[erlang-questions] Conceptual questions on key-value databases for RDBMs users

Tue Nov 2 22:52:06 CET 2010

On Tue, Nov 2, 2010 at 9:14 PM, Silas Silva <silasdb@REDACTED> wrote:

> I have used SQL RDBMSs for some time.  I've never used any very advanced
> feature, but I know enough of it to make database applications.
>
> Nowadays, I decided it would be interesting to learn some NoSQL
> databases concepts.  So I decided to pick up some Erlang and Mnesia, its
> native key-value database.  More than scalability itself, the most
> valuable feature for me is the possibility of replication and
> synchronization between nodes.

I'll rant. Beware. SQL is a declarative language, like QLC. It is
quite domain-specific, but it has one distinct advantage: You can
query-optimize on it. Most databases that use SQL relies on a heavily
relational model in which you idealize normalized data. The advantage
is that this support ad-hoc queries very well. If you can dream up the
appropriate SQL-query, you have the answer, though it may take some
time before it comes to you, depending on the power of optimization
and the complexity of the query.

Enter the web.
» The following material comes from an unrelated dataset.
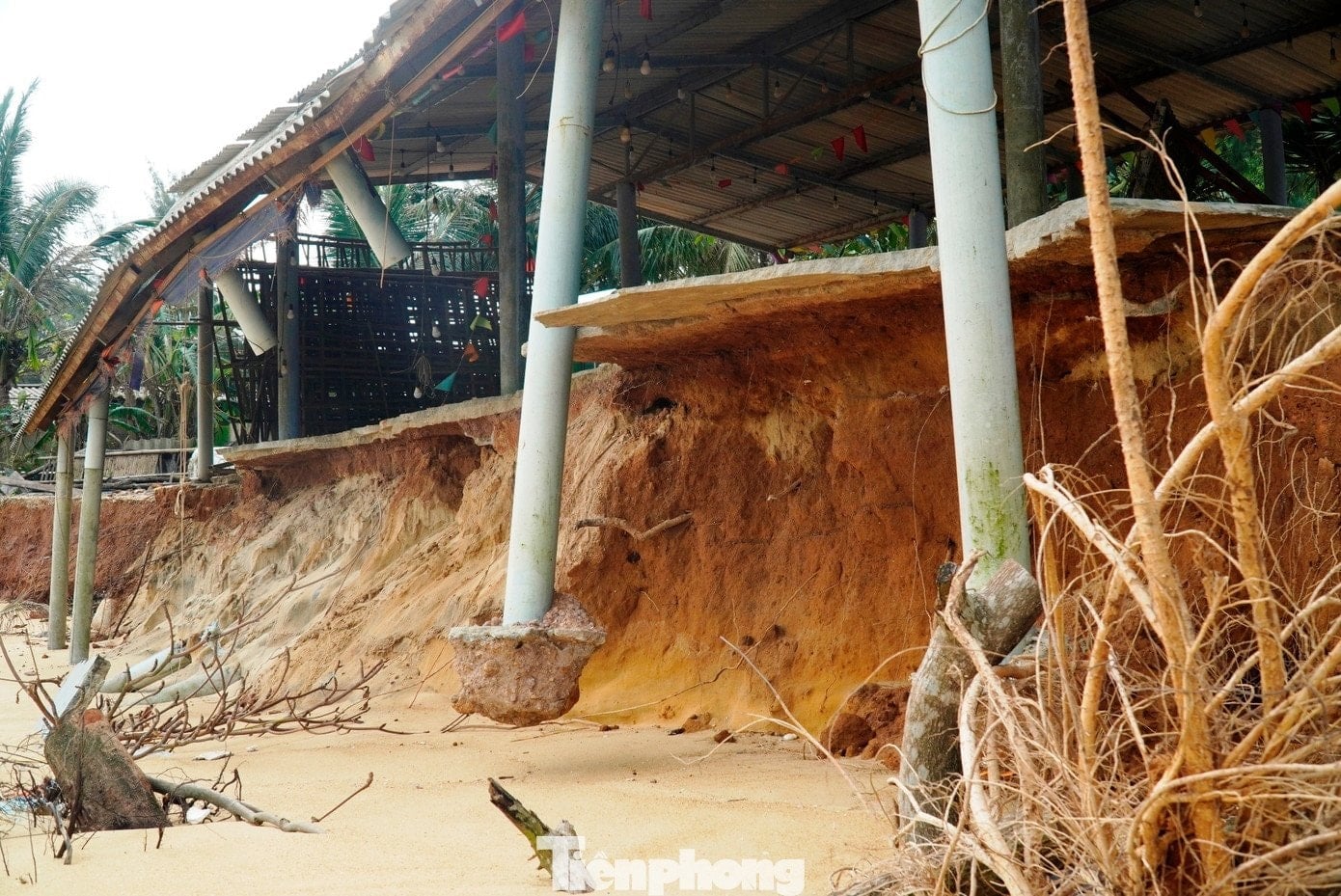 Cena sem precedentes em famosa praia de Hue - 3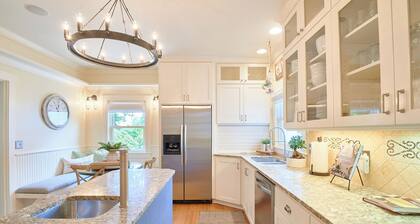 The Pearl of Newberg: A Luxury Craftman Home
The basic premise is that we do not want users to do
ad-hoc queries on data. Partly due to security and partly to
(inadvertently) denying other user service. So many systems backed by
RDBMS systems artificially lock down the allowed queries to a few
blessed. Now enter Google. Google has one main thing they need to
serve, which is inverted indexes for words. This is a very specific
problem with an interesting property: you can shard the keyspace of
words into multiple machines for good distribution and parallelism.
The limitation is that you just locked down ad-hoc query to specific
queries of specific data, but you can get really good query speed on
those. You also got the sharding capability and the system is not hard
to implement. Data mining can be achieved by batch-runs of map/reduce
over all data. It is in some sense slow, but if your query fits the
M/R scheme, it parallelizes easily. In a certain sense, the M/R gave
you some of the ad-hoc query capabilities back. The final key concept
is that triggers easily work on sharding models. Upon insertion, you
run hooks which can in turn update specific query indexes, drive
full-text-search engines and so on.

Now, most web services out there have modest data storage needs. The
amount of services using the RDBMS as a glorified file system is
abundant and pervasive to an extent which feels pervertedly sick. Such
systems never really had the need for all the niceties of an SQL
system and their queries are simple. Also, the mapping from SQL into
the language of choice is not easy, especially if said language is
object oriented.

Next, the war drums begin to play. The CAP theorem is proven and this
changes the game. Now whenever you do a database system, there is a
tradeoff which must be made. Much misunderstanding of the CAP theorem
is out there. We don't care about he halting theorem that much either,
even though it is very real and there. But it does pose some
limitations to what one can achieve.

Personally, I think the K/V stores grew out of the Google train.
Google did them because no database system was ready for that kind of
scalability. But that should not be taken as if you can never make
SQL, QLC or the like support sharded queries. We have more stores of
the "NoSQL" kind popping up every month which is great for the
innovation. But time will show which of these will actually fly and
which will thud to the ground.

-- 
J.